In his recent piece on ESPN, J.A. Adande seems surprised by the Suns "new found" toughness. You can't fault J.A. for being skeptical, and you can't blame national media types for not picking up on the nuances of a change like this. When you are watching 30 teams and you've been covering the league for a long time it is easy to become a Doubting Thomas.
Just because a player or coach says something has or will happen, you don't necessarily believe it until you see it. And while the Suns started the season strong (and tough) and they certainly finished that way as well, we can't forget there was a full two-month period in the middle where this sub-.500 team was blowing big leads on an almost daily basis.
But what we can't do is say that the early signs weren't there. This is no recent change. The Tough Suns are no fluke as evidenced by this observation from October:
Now, just a few weeks into preseason, we are seeing from the entire Suns team more fire and desire and less fun and gun then past behavior gave us any reason to expect. This is not looking like a happy-go-lucky team content to put up a lot of points and satisfied with being labeled as "entertaining".

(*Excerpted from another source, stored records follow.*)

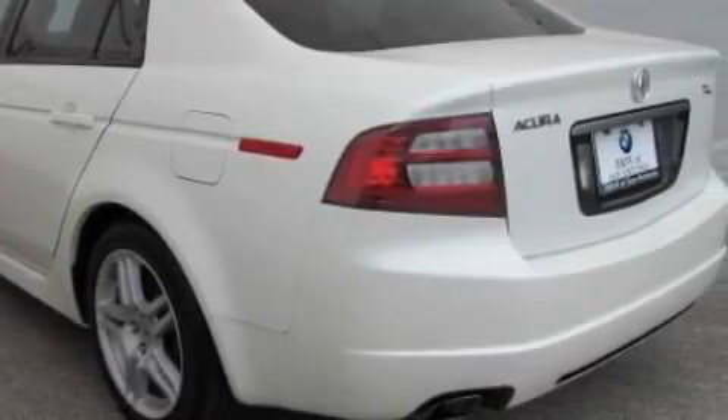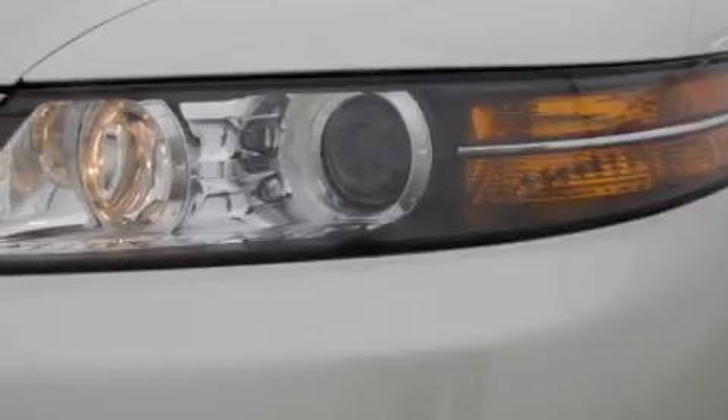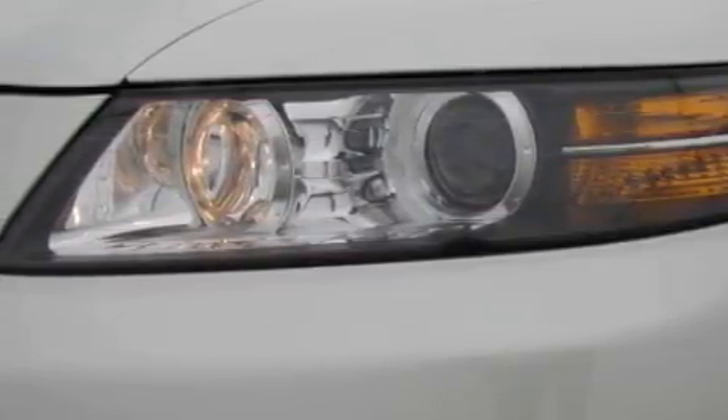This Acura has had only one owner, and it qualifies for the Carfax buyback guarantee. Contact us today to arrange your test drive.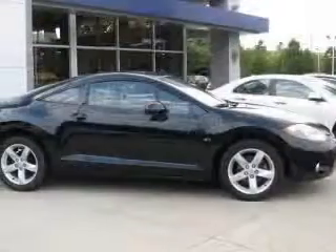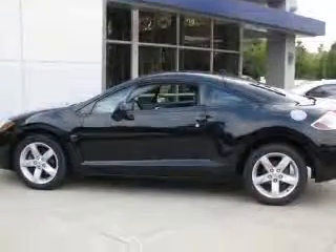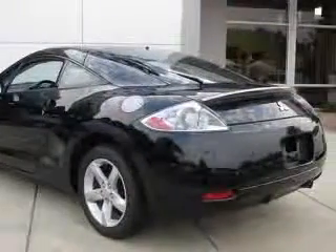4-wheel ABS brakes, air conditioning, center console, full-width covered storage, clock, in-dash, cruise control, daytime running lights, front seat type sport, front-wheel drive.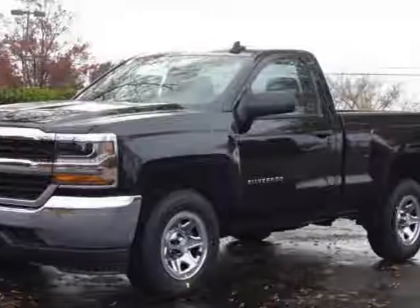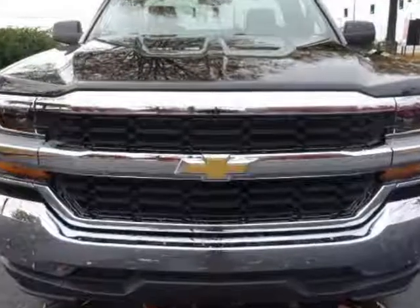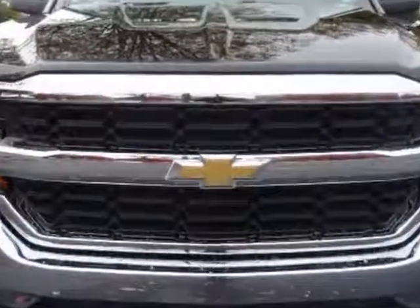Look at this new 2017 Chevrolet Silverado 1500. For your protection, this vehicle has a full factory warranty.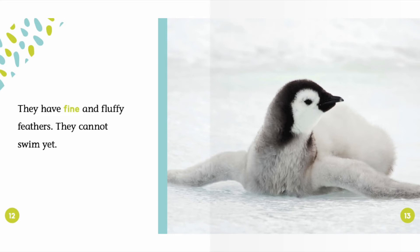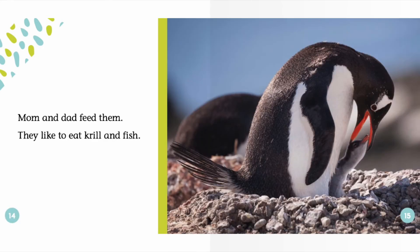They have fine and fluffy feathers. They cannot swim yet. Mom and dad feed them. They like to eat krill and fish.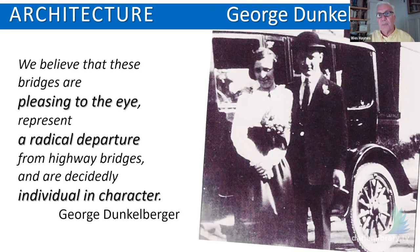His design principles, summarized in an article he wrote for an engineering magazine, really accomplished his stated objectives. He believed that these bridges are pleasing to the eye, that they represent a radical departure from highway bridges, and that they are decidedly individual in character. That is very, very much the case with the Merritt Parkway's bridges.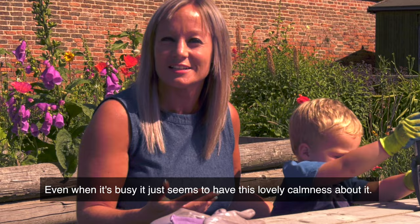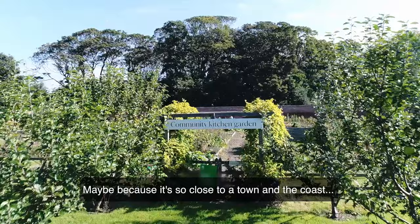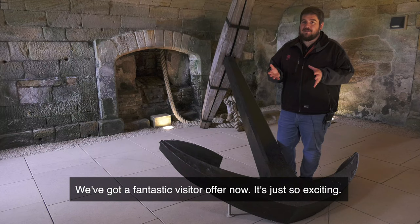It's just so quiet and so peaceful, even when it's busy it still seems to have this lovely calmness about it. It's just lovely — maybe because it's so close to a town and the coast, but it's just lovely.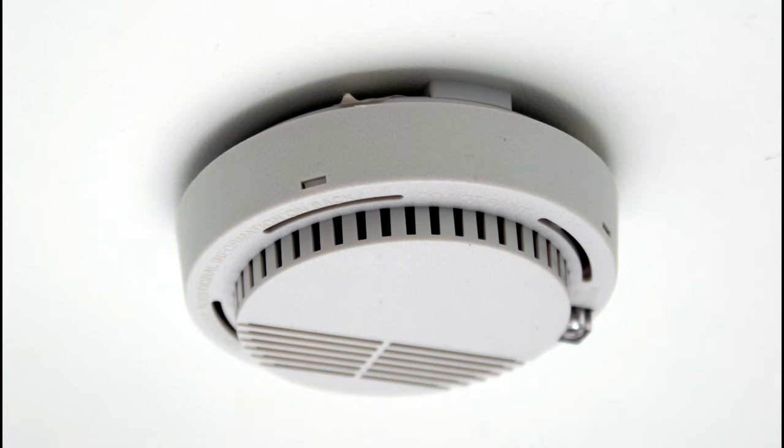Hello and welcome back everyone. Today we're diving into the history of an everyday device that might just save your life — the smoke detector.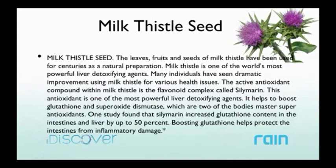Not only are there powerful antioxidant flavonoids in this product, but milk thistle helps the body increase its own super antioxidant called glutathione. You can research glutathione — there are entire network marketing companies focused on just glutathione. Studies show that milk thistle can help increase glutathione in the liver and intestines by up to 50%, which protects the intestines from inflammation. Since inflammation is the precursor to just about everything negative, helping the body help itself puts you in a better situation.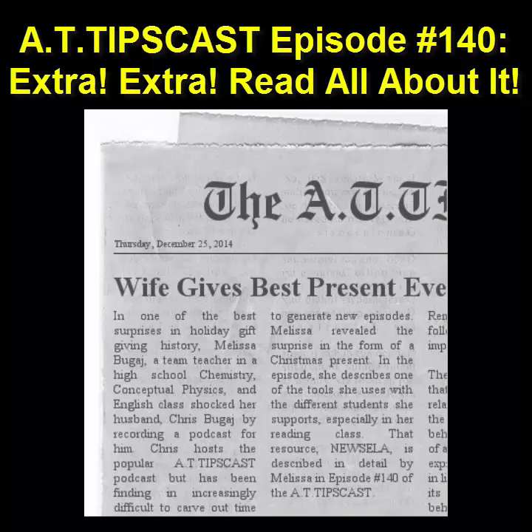Hello, and welcome to the AT Tipscast, where we explore free, or nearly free, tools and strategies that can be used to provide more options to all learners. I'm your host, Chris Bouguet. This is episode 140, recorded on December 29th, 2014.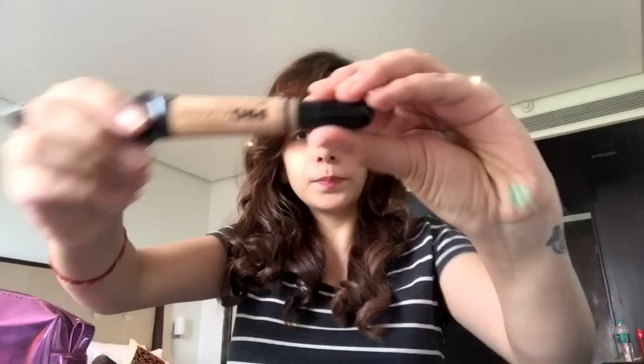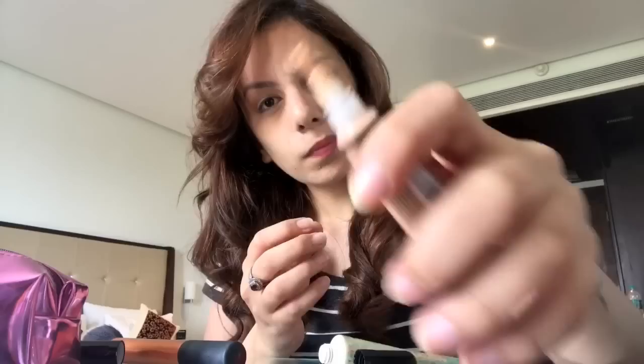I then go in with my LA Girl HD Pro Concealer in the shade Creamy Beige — this is my absolute favorite concealer. The consistency, texture, and the way it blends into your skin is amazing. I go in with this concealer on my under-eye primarily, as that's where you need the most concealing. I don't have a dark circle issue, which is why I don't use a red color corrector. Then I go in with the same concealer on top of all the spots where I had the green corrector, so my skin doesn't look green.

Instead, we are seeing a Suns team with a bit of an edge and some down right scrappiness. An elbow thrown by Channing Frye, Grant Hill getting tossed from a preseason game, or Steve Nash refusing to let himself get taken to the woodshed by some hotshot rookie point guard - these are signs of a team with spunk that cares far more about winning than just looking good and having fun.
These cultural shifts start at the top with Coach Gentry who last year typically spun things to the positive and was as much head cheerleader for his emotionally battered team as he was head coach.

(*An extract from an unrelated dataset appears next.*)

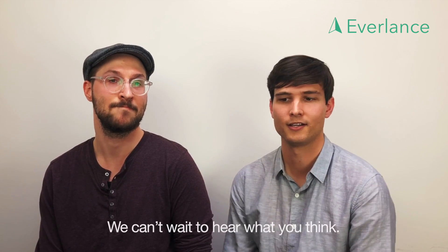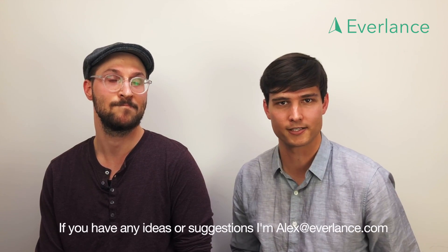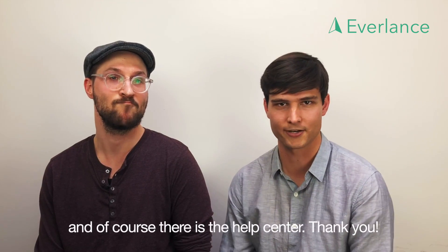We can't wait to hear what you think. If you have any ideas or suggestions, I'm alex@everlands.com. And of course, there's the Help Center. Thank you.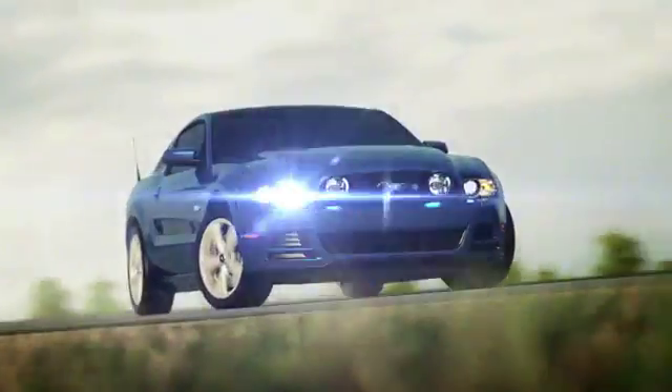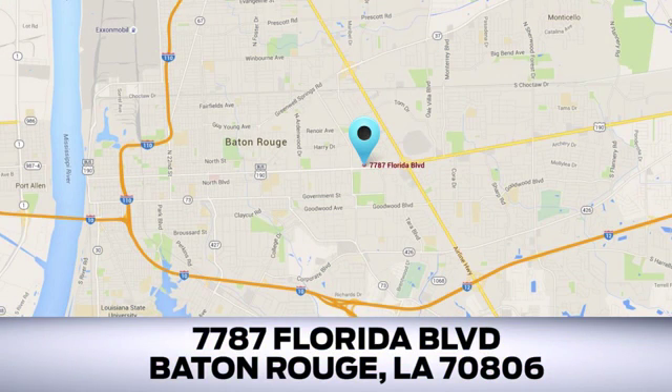Looking for a new Ford or pre-owned vehicle in Baton Rouge? Hollingsworth Richards Ford has been an automotive leader in the community for over 50 years. Come see us today at 7787 Florida Boulevard in Baton Rouge, Louisiana.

This season, Gentry has worked the Suns harder in training camp then at any point in the past four years and is more active and vocal on the side lines. He even publicly called out his team's flaws after putting up 143 points in a win. The Coach has brought an edge to the team and Steve Nash is on the same page.
"I always think to myself, earn it. Go out there and earn it. If you have that attitude, you leave it all on the floor and compete you can sleep at night if you don't win," said Nash.
He went on to talk about the team's performance so far in the preseason, "I feel overall we've had a lot of fight to our group and our defense is improving."
Defense is the area where the Suns can improve the most and is generally understood to be part personnel, part system and part attitude.
Nash feels that the Suns as a smaller, faster team are going to be at a natural disadvantage on that end but can be a top 10 or top 15 team in defensive stats if they do two things well, "We've got to have a consistency and accountability and if we know where we're supposed to be and we keep ourselves accountable to that we can be a really solid defensive team."
It is one thing to talk about consistency and accountability but until you see how that manifests itself on the floor, in practice and yes in the press conference too, you just don't know if those words will ring hallow. So far though, the signs are positive with both Kerr and Gentry calling out the Suns for a poor defensive performance in their 143-127 win.
We didn't see that "never satisfied" attitude last season. Instead we got a lot of "work in progress" and "it is what it is". Fans know when they are being spun so not only are these new signs of honesty refreshing and positive for the team's competitive chances, they are also just good business for a non-championship contender.
If fans can't have hope for a ring then you at least have to show them fight and part of that is being publicly dissatisfied with the flaws we all can see.
This change in attitude and recognition that defense, physicality and mental strength are as big a part of the Suns success this year as any other factor. It's been a welcome addition to the league's best offense and full credit is due to Steve Kerr, Alvin Gentry and Steve Nash for leading the way.